> WORK INSTRUCTIONS: Copy all data exactly. Skip pictures.

Short descriptive text snippets
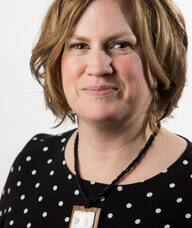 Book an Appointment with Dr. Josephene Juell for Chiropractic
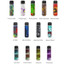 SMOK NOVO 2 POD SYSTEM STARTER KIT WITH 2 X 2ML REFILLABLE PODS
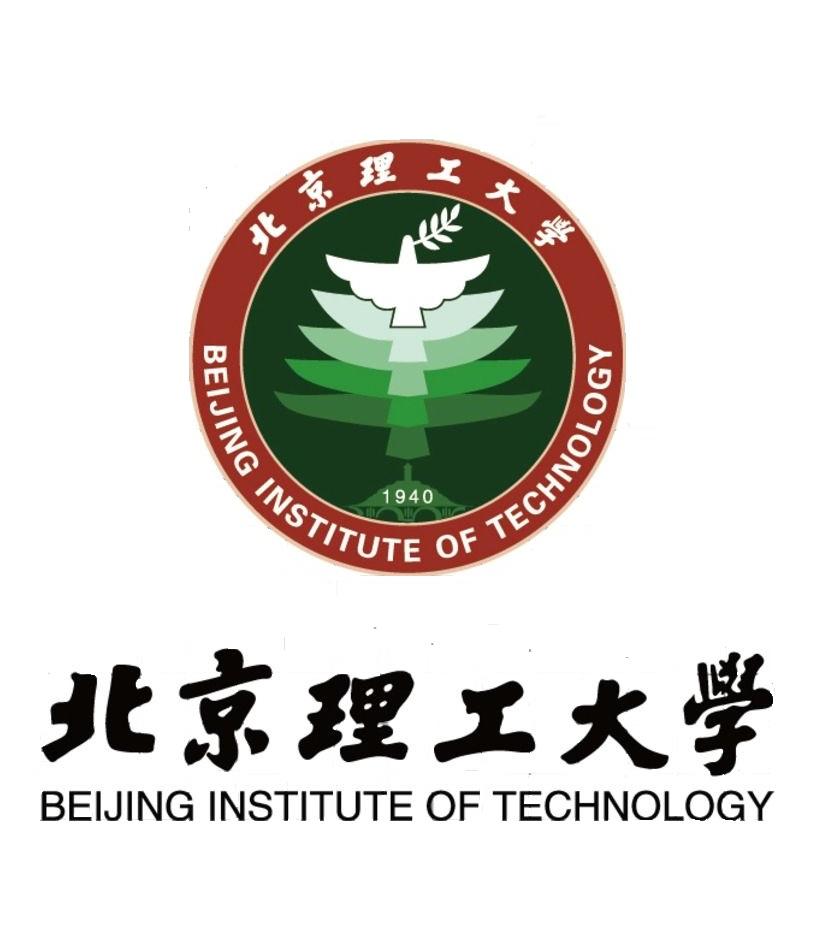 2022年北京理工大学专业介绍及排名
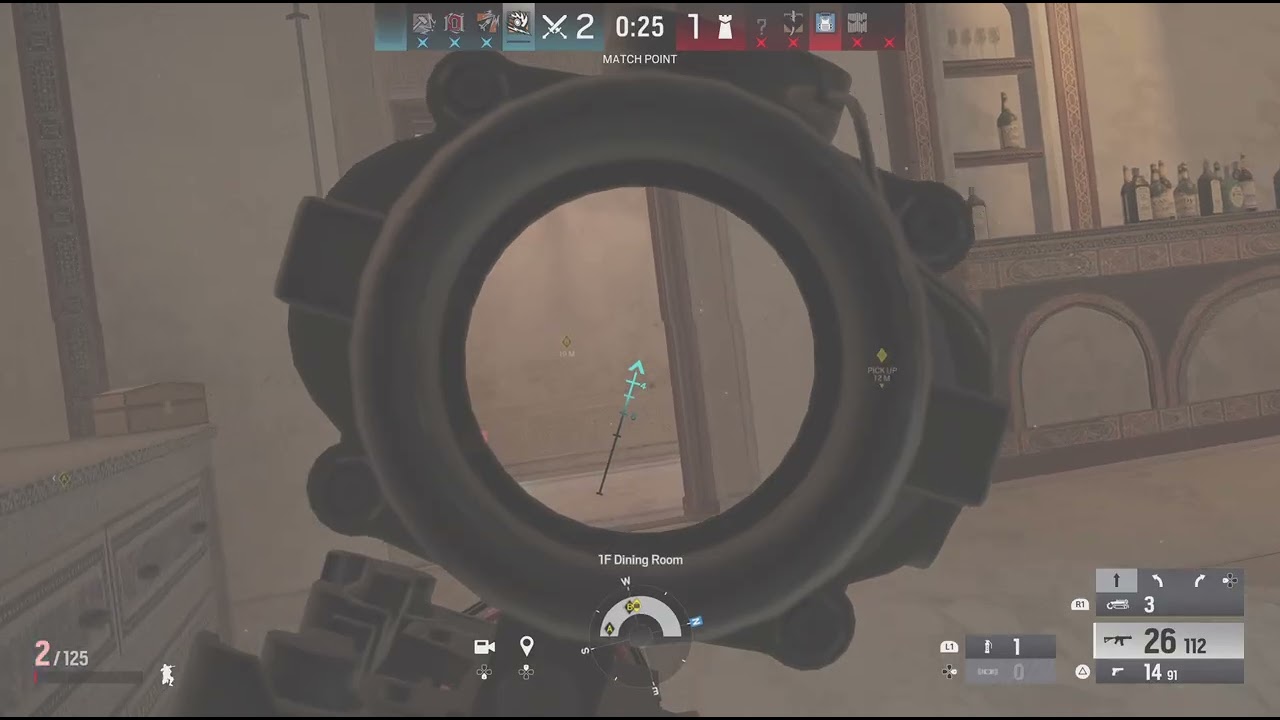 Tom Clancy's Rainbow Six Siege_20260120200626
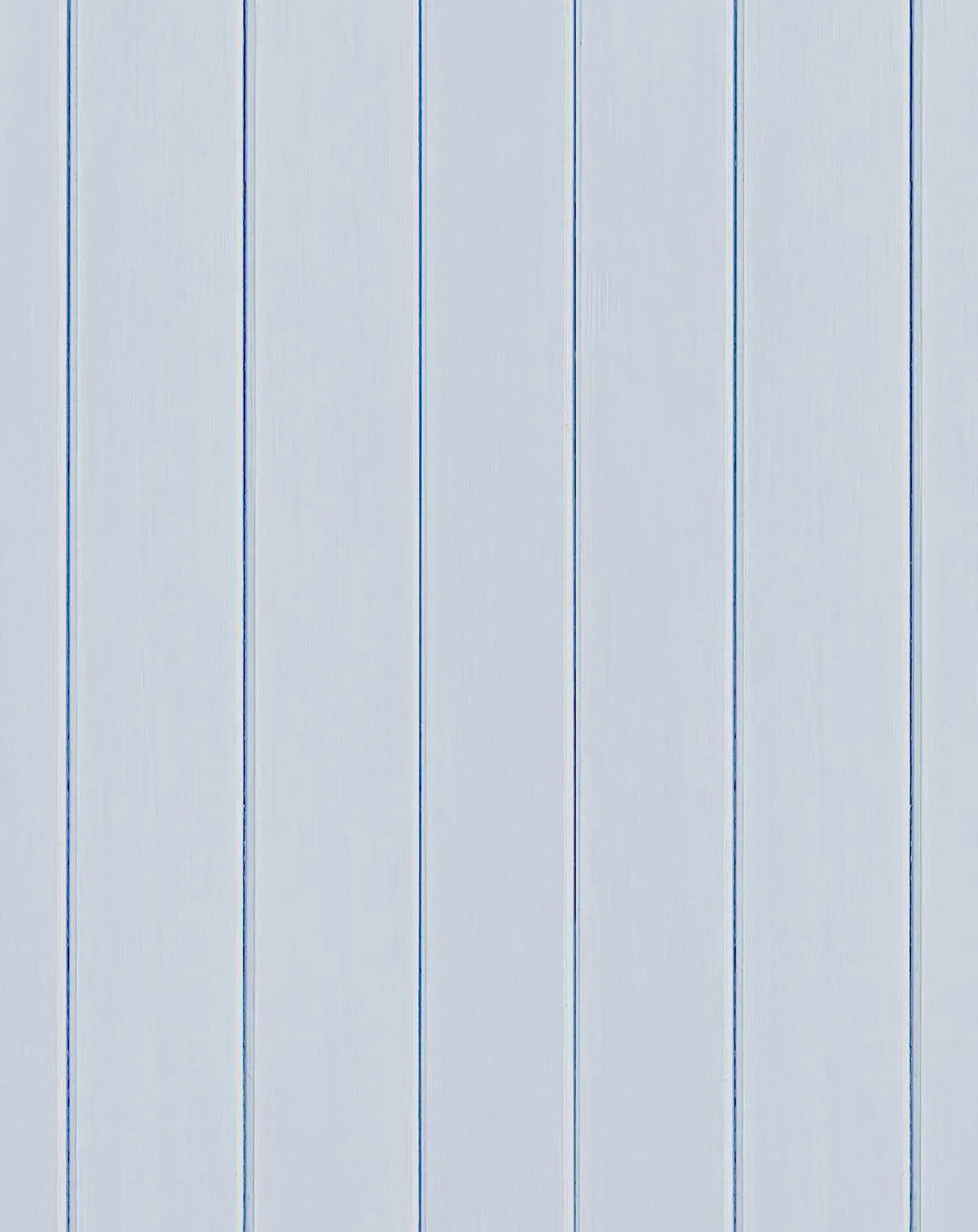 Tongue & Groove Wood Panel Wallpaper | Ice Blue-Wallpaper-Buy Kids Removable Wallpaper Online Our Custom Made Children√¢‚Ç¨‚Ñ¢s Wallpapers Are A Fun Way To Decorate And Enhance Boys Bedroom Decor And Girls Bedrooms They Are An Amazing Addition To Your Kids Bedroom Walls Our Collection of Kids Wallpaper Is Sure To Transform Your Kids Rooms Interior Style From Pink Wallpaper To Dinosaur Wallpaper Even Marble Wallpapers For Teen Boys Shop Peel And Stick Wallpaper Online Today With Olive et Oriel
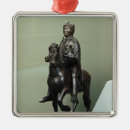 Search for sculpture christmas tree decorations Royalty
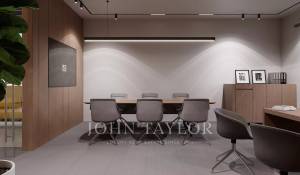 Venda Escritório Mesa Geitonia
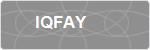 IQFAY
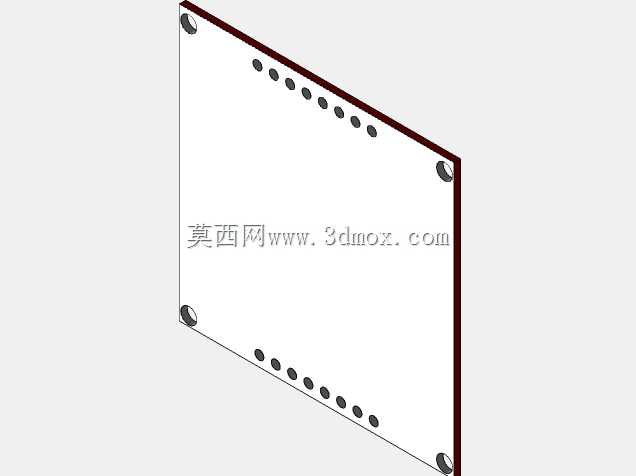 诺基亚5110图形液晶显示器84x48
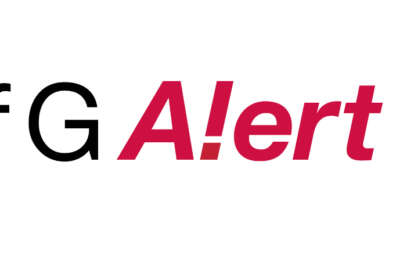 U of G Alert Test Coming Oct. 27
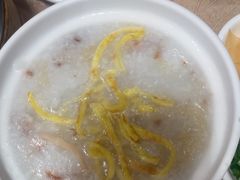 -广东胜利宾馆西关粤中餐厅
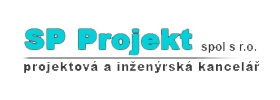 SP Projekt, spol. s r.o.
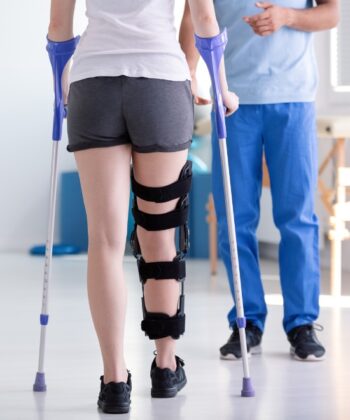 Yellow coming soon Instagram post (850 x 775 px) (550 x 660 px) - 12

> WRITTEN SOLUTION:
 Book an Appointment with Dr. Josephene Juell for Chiropractic
 SMOK NOVO 2 POD SYSTEM STARTER KIT WITH 2 X 2ML REFILLABLE PODS
 2022年北京理工大学专业介绍及排名
 Tom Clancy's Rainbow Six Siege_20260120200626
 Tongue & Groove Wood Panel Wallpaper | Ice Blue-Wallpaper-Buy Kids Removable Wallpaper Online Our Custom Made Children√¢‚Ç¨‚Ñ¢s Wallpapers Are A Fun Way To Decorate And Enhance Boys Bedroom Decor And Girls Bedrooms They Are An Amazing Addition To Your Kids Bedroom Walls Our Collection of Kids Wallpaper Is Sure To Transform Your Kids Rooms Interior Style From Pink Wallpaper To Dinosaur Wallpaper Even Marble Wallpapers For Teen Boys Shop Peel And Stick Wallpaper Online Today With Olive et Oriel
 Search for sculpture christmas tree decorations Royalty
 Venda Escritório Mesa Geitonia
 IQFAY
 诺基亚5110图形液晶显示器84x48
 U of G Alert Test Coming Oct. 27
 -广东胜利宾馆西关粤中餐厅
 SP Projekt, spol. s r.o.
 Yellow coming soon Instagram post (850 x 775 px) (550 x 660 px) - 12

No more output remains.